Friday, December 3, 2010

Correspondence

Laura Sjoberg writes:
At least be respectful enough to leave off with the "Ms. Sjoberg" crap and call me professor or doctor or whatever you call yourself. And, oh yea, tell me when you pick a fight, and I might actually argue with you. If you had an argument to make better than not wanting to understand, of course.

Fair points in the last two sentences. On the other hand...

FLG didn't mean any offense by Ms. If FLG were in your class, then he'd call you professor, but he's not and so he won't. But holy fucking shit -- "call me professor or doctor" -- are you really one of those people?

FLG calls himself FLG. Then again, he doesn't have a doctorate, but even if he did he certainly wouldn't insist people refer to him as Dr. FLG, like some pretentious jackass.

PS. FLG is aware that referring to himself in the third person, but it's part of the shtick here at Fear and Loathing in Georgetown.

11 comments:

Anonymous said...

Per:

"FLG calls himself FLG. Then again, he doesn't have a doctorate, but even if he did he certainly wouldn't insist people refer to him as Dr.

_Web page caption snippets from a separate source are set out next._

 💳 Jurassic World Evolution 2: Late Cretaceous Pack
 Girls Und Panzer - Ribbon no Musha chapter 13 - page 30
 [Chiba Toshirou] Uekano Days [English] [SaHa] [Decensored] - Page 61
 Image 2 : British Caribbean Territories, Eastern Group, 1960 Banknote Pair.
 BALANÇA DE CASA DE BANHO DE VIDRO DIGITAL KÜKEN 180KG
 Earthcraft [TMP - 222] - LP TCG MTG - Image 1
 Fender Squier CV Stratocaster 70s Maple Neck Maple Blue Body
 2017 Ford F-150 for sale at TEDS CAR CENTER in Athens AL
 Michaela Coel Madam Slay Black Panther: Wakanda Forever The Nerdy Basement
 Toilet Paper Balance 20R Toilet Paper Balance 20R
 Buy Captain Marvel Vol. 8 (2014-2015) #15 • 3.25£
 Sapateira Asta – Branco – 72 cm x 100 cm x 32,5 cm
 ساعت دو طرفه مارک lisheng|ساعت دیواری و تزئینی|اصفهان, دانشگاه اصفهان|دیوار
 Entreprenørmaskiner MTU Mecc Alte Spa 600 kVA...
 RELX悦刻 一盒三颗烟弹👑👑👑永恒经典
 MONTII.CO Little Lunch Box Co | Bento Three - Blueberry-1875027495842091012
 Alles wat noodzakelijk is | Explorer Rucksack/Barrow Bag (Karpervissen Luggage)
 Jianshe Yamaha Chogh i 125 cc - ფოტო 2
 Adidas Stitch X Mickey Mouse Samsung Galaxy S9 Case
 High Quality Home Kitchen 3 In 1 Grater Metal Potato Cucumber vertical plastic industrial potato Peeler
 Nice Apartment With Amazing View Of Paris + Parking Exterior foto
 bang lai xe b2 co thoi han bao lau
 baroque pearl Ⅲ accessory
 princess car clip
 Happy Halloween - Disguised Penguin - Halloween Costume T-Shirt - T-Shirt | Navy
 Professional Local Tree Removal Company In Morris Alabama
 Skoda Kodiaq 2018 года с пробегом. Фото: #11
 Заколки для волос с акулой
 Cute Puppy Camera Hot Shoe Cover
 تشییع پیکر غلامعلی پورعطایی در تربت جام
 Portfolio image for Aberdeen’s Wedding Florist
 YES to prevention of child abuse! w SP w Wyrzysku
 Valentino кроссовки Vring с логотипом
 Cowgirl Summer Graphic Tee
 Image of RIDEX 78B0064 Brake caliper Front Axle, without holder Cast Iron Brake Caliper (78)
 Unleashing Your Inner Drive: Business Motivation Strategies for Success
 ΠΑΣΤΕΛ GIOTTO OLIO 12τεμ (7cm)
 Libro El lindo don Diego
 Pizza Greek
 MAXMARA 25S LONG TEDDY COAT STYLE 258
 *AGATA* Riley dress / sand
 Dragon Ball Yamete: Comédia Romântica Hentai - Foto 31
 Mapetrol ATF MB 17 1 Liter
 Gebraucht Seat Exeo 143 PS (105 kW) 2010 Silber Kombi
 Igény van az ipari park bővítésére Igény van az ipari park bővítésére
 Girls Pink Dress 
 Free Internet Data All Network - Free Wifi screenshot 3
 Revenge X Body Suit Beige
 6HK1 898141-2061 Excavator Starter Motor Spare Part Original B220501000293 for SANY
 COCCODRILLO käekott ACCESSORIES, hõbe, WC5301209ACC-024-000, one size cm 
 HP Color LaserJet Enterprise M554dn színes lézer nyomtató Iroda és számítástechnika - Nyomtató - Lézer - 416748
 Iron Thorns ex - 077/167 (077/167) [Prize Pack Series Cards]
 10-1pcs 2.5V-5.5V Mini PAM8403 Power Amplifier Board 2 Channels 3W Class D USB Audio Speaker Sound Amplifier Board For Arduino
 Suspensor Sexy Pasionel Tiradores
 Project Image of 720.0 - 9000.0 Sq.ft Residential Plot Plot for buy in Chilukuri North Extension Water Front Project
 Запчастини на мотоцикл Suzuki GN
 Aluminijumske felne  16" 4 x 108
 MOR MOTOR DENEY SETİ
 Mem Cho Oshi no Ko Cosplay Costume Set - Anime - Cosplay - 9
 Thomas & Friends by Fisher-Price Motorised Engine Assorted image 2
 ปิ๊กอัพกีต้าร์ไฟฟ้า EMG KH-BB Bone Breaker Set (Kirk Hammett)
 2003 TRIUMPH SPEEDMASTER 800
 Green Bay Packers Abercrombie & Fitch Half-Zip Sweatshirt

FLG, like some pretentious jackass."

FLG, the pretentious jackass you are referring to is the one who is demanding respect from you while penning this, correct?:

"If you had an argument to make better than not wanting to understand, of course."

That would be the same doctor or professor who wrote this to the editor she was taking out to the woodshed:

"You sent my work to people who just don't understand, and, fundamentally, don't want to. Which is their prerogative, but I thought your journal was (and it should be) above that."


FLG, she's not a pretentious jackass -she's a bitch. She'll be a more content feminist in the long run if she accepts the fact people are understanding her work - and rejecting it.


Mrs. P

The Ancient said...

It is limitlessly vulgar for an academic with a PhD to call himself/herself "doctor."

In this country, a "doctor" is a physician.

Academics who don't like that can learn German and go practice their trade elsewhere.

FLG -- Why not institute a Barbara Boxer Prize for Ostentatious Pomposity?

Alpheus said...

Wow. I have an endless supply of complaints about academia, but I've met very few Ph.D.s/Professors who insist on their title like this. As the Ancient says, it's pretty vulgar. Even in academic publications, it would be unusual, nowadays, to refer to another scholar as "Dr." or "Professor" so-and-so.

(That said, I'd like to be known as "Lord Alpheus.")

FLG said...

Would you accept Dark Lord Alpheus? Or Darth Alpheus?

arethusa said...

It is limitlessly vulgar for an academic with a PhD to call himself/herself "doctor."

In this country, a "doctor" is a physician.

Academics who don't like that can learn German and go practice their trade elsewhere.


Second that. If nothing else, imagine what might happen if someone knows you as "Dr. So-n-so" but doesn't realize you're a PhD, and comes running to you for help when their beloved family member suddenly collapses.

Withywindle said...

In a Peanuts strip, I think from the 1970s, Snoopy types a story:

The actor on the stage collapsed. The stage manager rushed to the front of the stage. "Is there a doctor in the house?" he yelled. Howard stood up. "I have an honorary doctorate from the University of Minnesota," he called out. It was at that moment his wife decided to leave him.

Alpheus said...

Would you accept Dark Lord Alpheus? Or Darth Alpheus?

Well, I do spend a lot of time practicing light saber moves in the garage . . .

David said...

"imagine what might happen if someone knows you as "Dr. So-n-so" but doesn't realize you're a PhD"

A guy with a PhD in electrical engineering and a very important executive job signed in at a doctors office as "Dr so-n-so". The physician, noticing the title, moved him to the front of the line, ahead of all the other people who were waiting. But after asking him what kind of medicine he practiced, the doc sent him back out to the waiting room to wait for his turn....

profmondo said...

In civilian life, I only use the title "Doctor" in self-defense, when some other grad-school graduate uses it on me first.

As for Prof. Mondo, he's a rhetorical mode, or as FLG says, part of the schtick.

I think what determined it for me was when one of my high school bands was rehearsing at my house. When the guitarist's mom (a speech therapist) came to pick him up, she introduced herself to my mother: "Hi, I'm So-and-so, Ph.D." Without missing a beat, my mother replied, "I'm Madge Moore, M-O-M."

Not too much room for pretense at my house.

Withywindle said...

Also: "They call me Dr. Tibbs."

dance said...

Contrary position: she's writing as an academic about academic topics. Thus, "Ms" is actively inaccurate and misleading in this context. Just plain Sjoberg would be fine, but Ms goes out of your way to hint she doesn't have the credentials that would give her credibility and expertise in this issue.

And most of the comments agreeing with you snark on the demand for Dr when it's out of context. In this case it's not.